For the data below, retype word for word the lines from the one containing "Hi, it's Sue" through the one containing "Choose the flexible"; drop the pictures.

Records to use:
.....

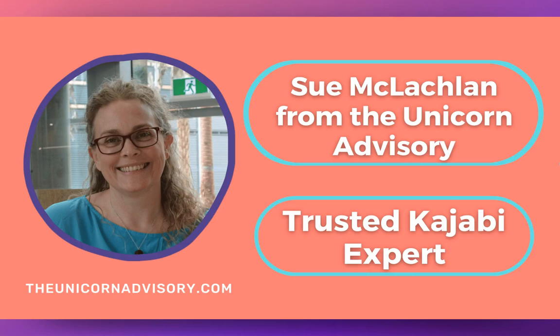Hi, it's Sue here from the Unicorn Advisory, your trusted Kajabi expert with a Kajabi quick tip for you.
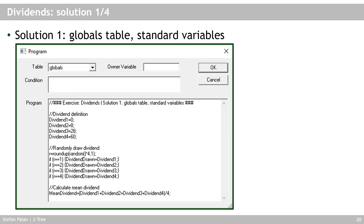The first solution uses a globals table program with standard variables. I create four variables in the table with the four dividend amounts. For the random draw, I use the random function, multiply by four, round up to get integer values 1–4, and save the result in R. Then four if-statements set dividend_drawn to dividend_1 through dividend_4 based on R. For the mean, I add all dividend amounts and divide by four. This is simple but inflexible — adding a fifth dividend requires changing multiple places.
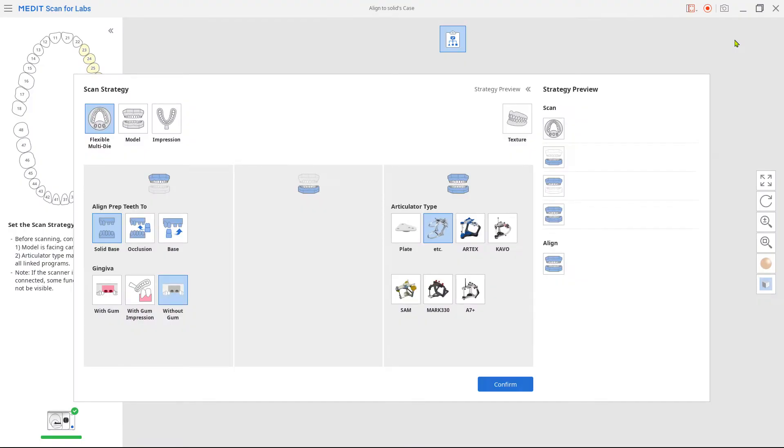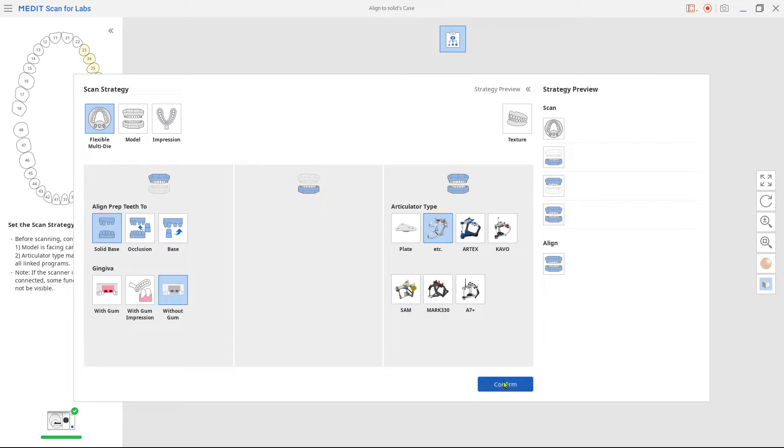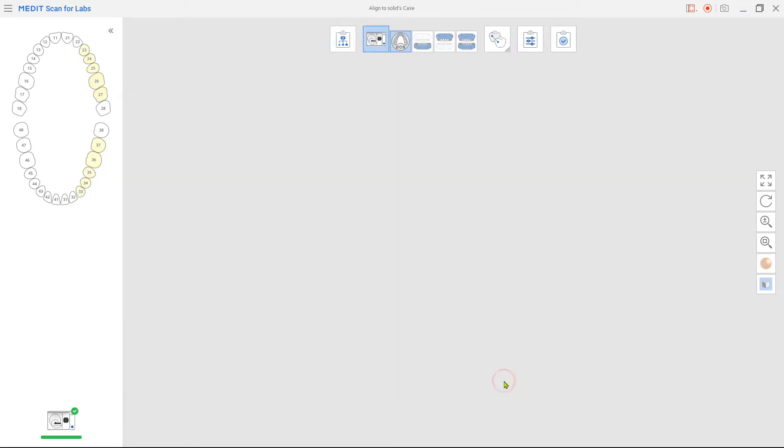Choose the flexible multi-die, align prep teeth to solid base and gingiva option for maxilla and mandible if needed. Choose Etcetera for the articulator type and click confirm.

.....

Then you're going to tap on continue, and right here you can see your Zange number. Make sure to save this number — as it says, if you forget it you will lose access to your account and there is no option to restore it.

.....

Problem solution:
Hi, it's Sue here from the Unicorn Advisory, your trusted Kajabi expert with a Kajabi quick tip for you.
The first solution uses a globals table program with standard variables. I create four variables in the table with the four dividend amounts. For the random draw, I use the random function, multiply by four, round up to get integer values 1–4, and save the result in R. Then four if-statements set dividend_drawn to dividend_1 through dividend_4 based on R. For the mean, I add all dividend amounts and divide by four. This is simple but inflexible — adding a fifth dividend requires changing multiple places.
Choose the flexible multi-die, align prep teeth to solid base and gingiva option for maxilla and mandible if needed. Choose Etcetera for the articulator type and click confirm.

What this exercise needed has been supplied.